Uma lista de 233 torturadores


Divulgação de foto de Prestes na praia causou polêmica

Lista com nome de 233 torturadores será doada à Biblioteca Nacional

Maria Prestes, viúva de Luiz Carlos Prestes, vai doar o acervo pessoal do marido ao Arquivo Nacional da Biblioteca Nacional. Além de cartas trocadas com os filhos e a mulher, os documentos incluem o “Relatório da IV Reunião Anual do Comitê de Solidariedade aos Revolucionários do Brasil”, documento de fevereiro de 1976 que, entre outras informações, contém uma lista de 233 militares e policiais que teriam cometido tortura durante a ditadura militar. Essa lista, contida no capítulo “Identificação dos torturadores”, foi feita por 35 presos políticos alocados no Presídio da Justiça Militar Federal, entre eles o ex-presidente do PT e assessor do Ministério da Defesa, José Genoino, e o ex-ministro da Secretaria Especial de Direitos Humanos Paulo Vanucchi.
Na época, o documento chegou a ser enviado ao presidente da Ordem dos Advogados do Brasil (OAB), Caio Mário da Silva Pereira e em 1978 foi noticiado no semanário “Em Tempo”. A publicação, no entanto, não gerou muita repercussão.
Não se sabe se Prestes foi um dos autores documento, já que estava exilado na União Soviética na época e o relatório não aponta quem seriam os membros do Comitê de Solidariedade aos Revolucionários do Brasil.

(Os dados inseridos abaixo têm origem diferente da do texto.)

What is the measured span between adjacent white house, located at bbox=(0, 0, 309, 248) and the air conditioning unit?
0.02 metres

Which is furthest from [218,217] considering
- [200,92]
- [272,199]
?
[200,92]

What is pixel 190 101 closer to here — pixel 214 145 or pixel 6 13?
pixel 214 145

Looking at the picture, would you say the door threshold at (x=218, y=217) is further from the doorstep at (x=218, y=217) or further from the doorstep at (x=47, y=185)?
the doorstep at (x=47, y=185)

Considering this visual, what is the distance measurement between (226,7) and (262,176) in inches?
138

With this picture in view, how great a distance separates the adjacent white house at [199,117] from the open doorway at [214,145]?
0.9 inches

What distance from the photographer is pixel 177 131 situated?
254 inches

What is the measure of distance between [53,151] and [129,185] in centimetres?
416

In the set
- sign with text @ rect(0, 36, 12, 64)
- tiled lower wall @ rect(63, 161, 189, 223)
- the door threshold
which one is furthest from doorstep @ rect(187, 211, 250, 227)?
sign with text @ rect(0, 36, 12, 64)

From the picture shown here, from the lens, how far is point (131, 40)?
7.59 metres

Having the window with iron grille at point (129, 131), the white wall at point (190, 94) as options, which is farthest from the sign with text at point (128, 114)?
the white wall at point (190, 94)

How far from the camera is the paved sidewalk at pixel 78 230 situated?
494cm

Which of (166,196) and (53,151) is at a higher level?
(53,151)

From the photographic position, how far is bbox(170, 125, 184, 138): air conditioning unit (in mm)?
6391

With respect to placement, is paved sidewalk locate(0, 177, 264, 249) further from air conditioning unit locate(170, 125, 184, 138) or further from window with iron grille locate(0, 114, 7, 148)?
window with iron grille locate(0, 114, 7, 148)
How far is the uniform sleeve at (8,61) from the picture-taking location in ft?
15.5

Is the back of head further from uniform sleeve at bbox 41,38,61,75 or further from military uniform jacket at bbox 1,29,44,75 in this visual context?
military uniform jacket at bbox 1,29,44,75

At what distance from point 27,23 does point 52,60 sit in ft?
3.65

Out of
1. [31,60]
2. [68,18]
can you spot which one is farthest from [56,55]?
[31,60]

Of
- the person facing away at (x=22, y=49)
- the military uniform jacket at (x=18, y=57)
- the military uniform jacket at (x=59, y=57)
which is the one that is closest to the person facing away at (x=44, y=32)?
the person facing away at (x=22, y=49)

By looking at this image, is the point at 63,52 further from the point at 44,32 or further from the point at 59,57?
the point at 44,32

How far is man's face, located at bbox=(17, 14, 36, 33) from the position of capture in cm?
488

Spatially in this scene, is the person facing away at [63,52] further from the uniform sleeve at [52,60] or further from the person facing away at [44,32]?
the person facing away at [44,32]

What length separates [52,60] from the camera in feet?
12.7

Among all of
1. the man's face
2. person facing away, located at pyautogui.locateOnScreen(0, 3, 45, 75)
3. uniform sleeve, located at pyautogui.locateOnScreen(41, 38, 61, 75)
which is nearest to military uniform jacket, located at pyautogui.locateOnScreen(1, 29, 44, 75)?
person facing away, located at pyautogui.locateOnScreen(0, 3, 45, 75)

O relatório tem 6 capítulos no total, entre eles “Mais desaparecidos”, “Novamente a farsa dos suicídios” e “O braço clandestino da repressão”.
A Revista de História, publicação da Biblioteca Nacional, tentou entrar em contato com o major de Infantaria do Exército Carlos Alberto Brilhante Ustra, primeiro torturador da lista do relatório. Ele, no entanto, se recusou falar com a publicação sob orientação do seu advogado de não dar entrevista. “Tudo que ele tinha pra dizer está no livro dele”, disse sua mulher Joseita Ustra, referindo-se à publicação “A verdade sufocada: a história que a esquerda não quer que o Brasil conheça” (Editora Ser, 2010).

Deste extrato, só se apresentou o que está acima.